A moment went by. Some cats purred.

“He’ll come,” Testy reassured her. “Soon.”

“He’d better,” the ex-showgirl grumbled.

Meanwhile, back in Vegas, a completely different sort of scene was playing out.

Miss Honoré knocked on Venus' dressing room door. “Venus, dear,” she said as she entered. And then she paused, because Venus was standing almost nude before her, waiting in her tiny g-string for her dresser to put on her costume.

The first sight of Venus was always breathtaking.

“Lovely,” Honoré breathed, barely audibly. Then: “Venus,” she started again, “I wonder, could you get dressed quickly so we’ll have some time before the show?”

Venus looked more or less in her direction and made a half-shrug. The gesture and her expression seemed to say that she had only the vaguest notion any show was going on, and that she wasn’t entirely sure who Honoré was. She certainly had no idea, that look said, about the time. Time was beneath her.

“It’s nothing, really,” Honoré continued as Venus stepped into her fishnets and let the dresser roll them up. “The hotel has a new project they’d like to involve you in. There’s someone coming in who wants to meet you and explain it. So I’ll bring her by in a little bit, and we’ll find out together what she wants, all right?”

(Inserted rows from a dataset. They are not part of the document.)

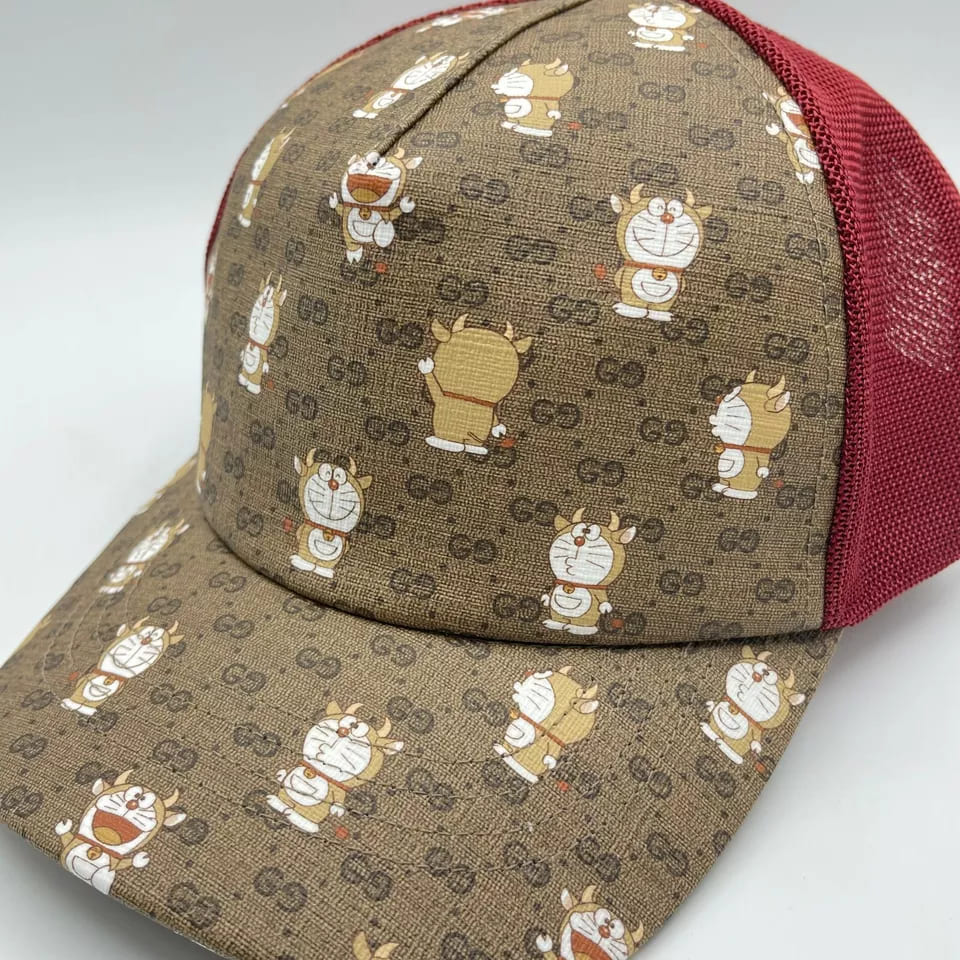 Gucci x Doraemon Men's Limited Edition Brown/Burgundy Baseball Hat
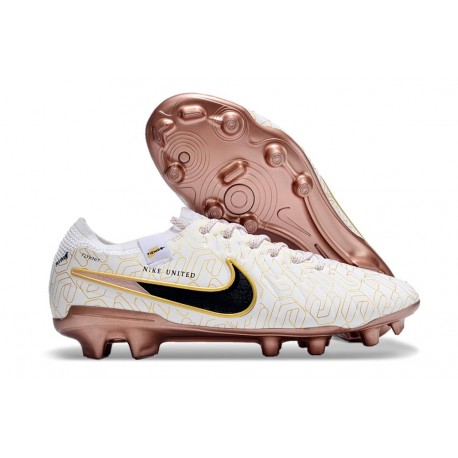 Chaussure Nike Tiempo Legend 10 Elite FG Blanc Or Noir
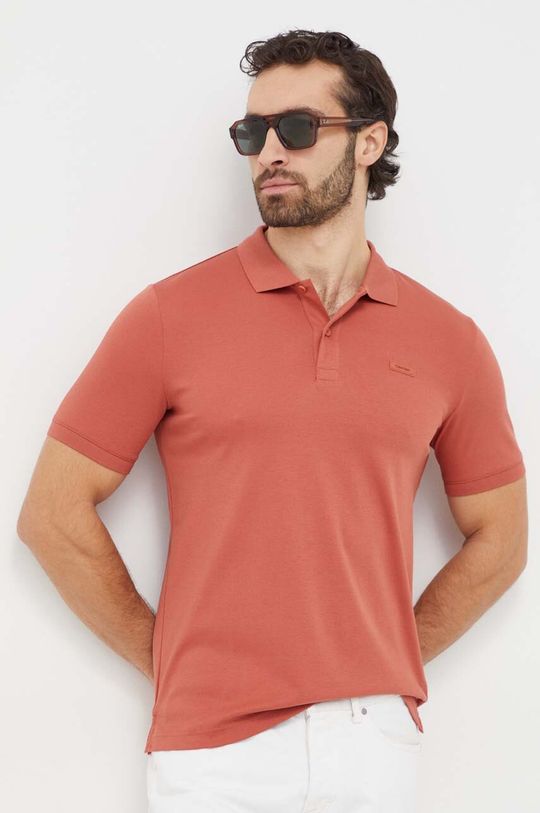 Хлопковая рубашка-поло Calvin Klein, оранжевый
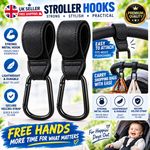 2x Leather Buggy Clips Pram Hooks For Bags Baby Pushchair Clips Stroller Hooks.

Venus made a movement with her head that Honoré took for a nod. She licked her dry lips and looked down at the clipboard she carried while the dresser hooked Venus’ fishnets to her g-string. “Good then. I’ll come back in fifteen minutes and we’ll talk. Now, for the show. There are ten boys tonight, John’s still out sick, I sent him home, so Terrence and Boyd will lift you in the Finale.” Her dancers were, for the first time in history, fighting to work, whether they were ill or injured or at death’s door. The chance to rub shoulders with the Most Beautiful Girl In the World was worth it. But Honoré had no intention of letting any unhealthy germs free in the theater. She couldn’t imagine Venus with a cold, but she was taking no chances. The cast had to pass muster. They had to prove their fitness to back up the Star each night. And she’d been sending them home regularly, a slump-shouldered, dejected stream trickling from her office, through the corridors, to the stage door. They knew not to dillydally or try to stick around for glimpses of Venus. If Honoré caught them at that, when she’d dismissed them already, their lives, not to mention their contracts, might well be forfeit. “… and you’ll be escorted by four singers in Big Bows, not six,” she finished. “Nothing else should change, I don’t think…” she made check marks on the paper, “unless someone else gets a cough, and then all bets are off.” She looked up and smiled, but Venus had turned back to the mirror, where she traced the line of her right breast with her left index finger. “Good then,” Honoré croaked, her throat achingly dry all of a sudden. “I’ll be back.”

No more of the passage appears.